Here, we detail some of the most common operations when dealing with
data in the form of a `CatalogSource`

. The native format for data columns
in a `CatalogSource`

object is the dask array. Be sure to read
the previous section for an introduction to dask arrays
before proceeding.

The dask array format allows users to easily manipulate columns in their input data and feed any transformed data into one of the nbodykit algorithms. This provides a fast and easy way to transform the data while hiding the implementation details needed to compute these transformations internally. In this section, we’ll provide examples of some of these data transformations to get users acclimated to dask arrays quickly.

To help illustrate these operations, we’ll initialize the nbodykit “lab” and load a catalog of uniformly distributed objects.

```
In [1]: from nbodykit.lab import *
In [2]: cat = UniformCatalog(nbar=100, BoxSize=1.0, seed=42)
```

Specific columns can be accessed by indexing the catalog object using the
column name, and a `dask.array.Array`

object is returned (see
What is a dask array? for more details on dask arrays).

```
In [3]: position = cat['Position']
In [4]: velocity = cat['Velocity']
In [5]: print(position)
dask.array<array, shape=(96, 3), dtype=float64, chunksize=(96, 3)>
In [6]: print(velocity)
dask.array<array, shape=(96, 3), dtype=float64, chunksize=(96, 3)>
```

While in the format of the dask array, data columns can easily be manipulated by the user.

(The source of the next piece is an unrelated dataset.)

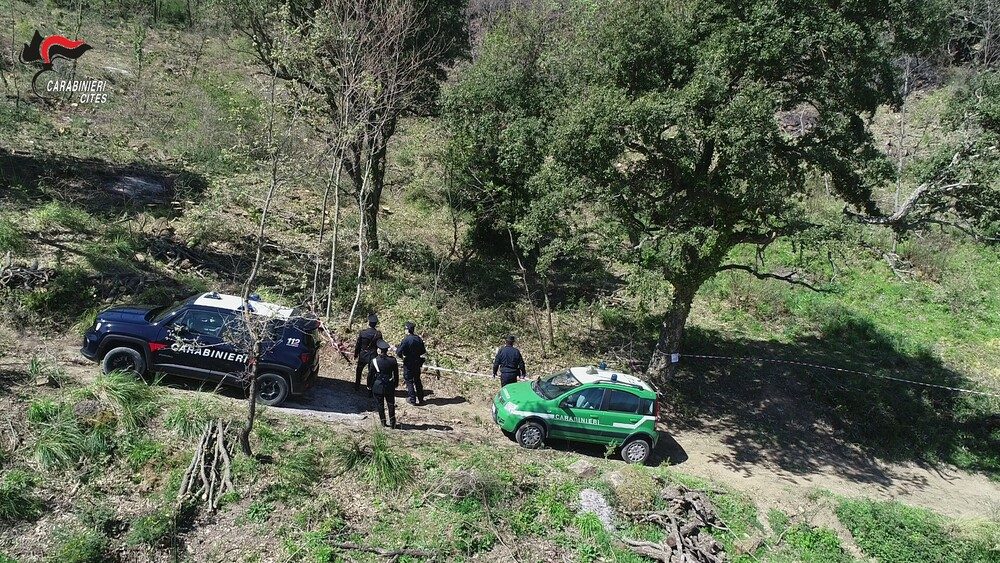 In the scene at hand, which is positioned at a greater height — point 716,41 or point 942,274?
point 716,41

For example, here we normalize the position coordinates to the range 0 to 1 by dividing by the box size:

```
# normalize the position
In [7]: normed_position = position / cat.attrs['BoxSize']
In [8]: print(normed_position)
dask.array<truediv, shape=(96, 3), dtype=float64, chunksize=(96, 3)>
```

Note that the normalized position array is also a dask array and that the actual normalization operation is yet to occur. This makes these kinds of data transformations very fast for the user.

Columns can be converted from `dask.array.Array`

objects to
numpy arrays using the `compute()`

function (see
Evaluating a dask array for further details on computing dask arrays).

```
In [9]: position, velocity = cat.compute(cat['Position'], cat['Velocity'])
In [10]: print(type(position))
<class 'numpy.ndarray'>
In [11]: print(type(velocity))
<class 'numpy.ndarray'>
```

We can also compute the max of the normalized position coordinates from the previous section:

```
In [12]: maxpos = normed_position.max(axis=0)
In [13]: print(maxpos)
dask.array<amax-aggregate, shape=(3,), dtype=float64, chunksize=(3,)>
In [14]: print(cat.compute(maxpos))
[ 0.9927406 0.99610592 0.99925086]
```

New columns can be easily added to a `CatalogSource`

object by
directly setting them:

```
# no "Mass" column originally
In [15]: print("contains 'Mass'? :", 'Mass' in cat)
contains 'Mass'? : False
# add a random array as the "Mass" column
In [16]: cat['Mass'] = numpy.random.random(size=len(cat))
# "Mass" exists!
In [17]: print("contains 'Mass'? :", 'Mass' in cat)
contains 'Mass'? : True
# can also add scalar values -- converted to correct length
In [18]: cat['Type'] = b"central"
In [19]: print(cat['Mass'])
dask.array<array, shape=(96,), dtype=float64, chunksize=(96,)>
In [20]: print(cat['Type'])
dask.array<array, shape=(96,), dtype=|S7, chunksize=(96,)>
```

Here, we have added two new columns to the catalog, `Mass`

and `Type`

.
Internally, nbodykit stores the new columns as dask arrays and
will automatically convert them to the correct type if they are not already.

**Caveats**

- New columns must be either be a scalar value, or an array with the same length as the catalog. Scalar values will automatically be broadcast to the correct length.
- Setting a column of the wrong length will raise an exception.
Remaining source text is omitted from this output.